As readers, we are all familiar with the sparkling bit character. The hero goes down to his corner newsstand and chats with the colorful owner, often a wounded vet. The author supplies a paragraph or two of interesting background, to frame their conversation(s), and that’s it. Leroy, or whatever name is used for the owner, is finished. In any subsequent appearance, Leroy offers the same type of neighborhood commentary, or forgot to shave again, or whatever other touchstone was used the first time around.
A good novel is filled with characters bustling about with their singular purposes. Each minor character is vibrant—because the author bothers to stop. She looks beyond merely how that lesser character supports a major character. She thinks through what life plan that character has. She makes a list of steps that the character takes during the course of the novel, the same as with a major character.

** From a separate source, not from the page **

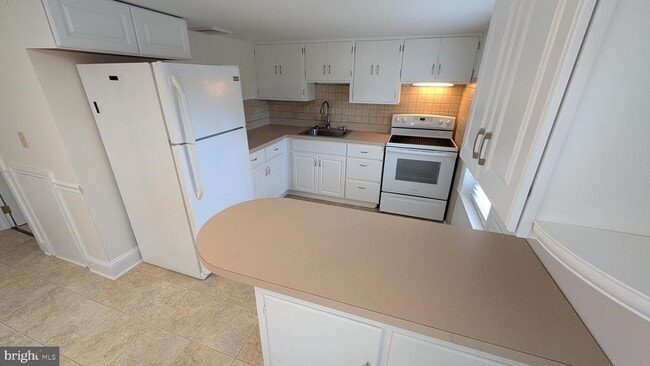 Photo - 302 Leidy Rd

That way you can slip in casual references to these steps whenever you like. The hero stops in to ask Leroy about a fight in a local bar, and Leroy was actually there when it happened—because he’s trying to help an old friend with his chronic gambling. If you want the minor agenda to have a plot purpose, plan to have the loan shark to whom the gambling friend owes money tie in with the hero’s plot line later. Yet you may find that continuing to provide glimpses of an interesting life has rewards all of its own. Through the assorted snatches a reader may come to admire Leroy for being such a gruff humanitarian. You’ve added warmth to the novel, in this case, with very little effort.
Exercise: The problem with devising a scenario that is too elaborate is that the minor character can compete for the reader’s attention, detracting from a major player. Yet if you’ve created an interesting premise, you can emphasize only as much as you like. A page of coverage here and there might culminate with a payoff scene a few pages long. If all of Leroy’s scenes come early in a chapter, you still have the rest of the chapter in which the protagonist can dominate.
“I love the tradition of Dickens, where even the most minor walk-on characters are twitching and particular and alive.”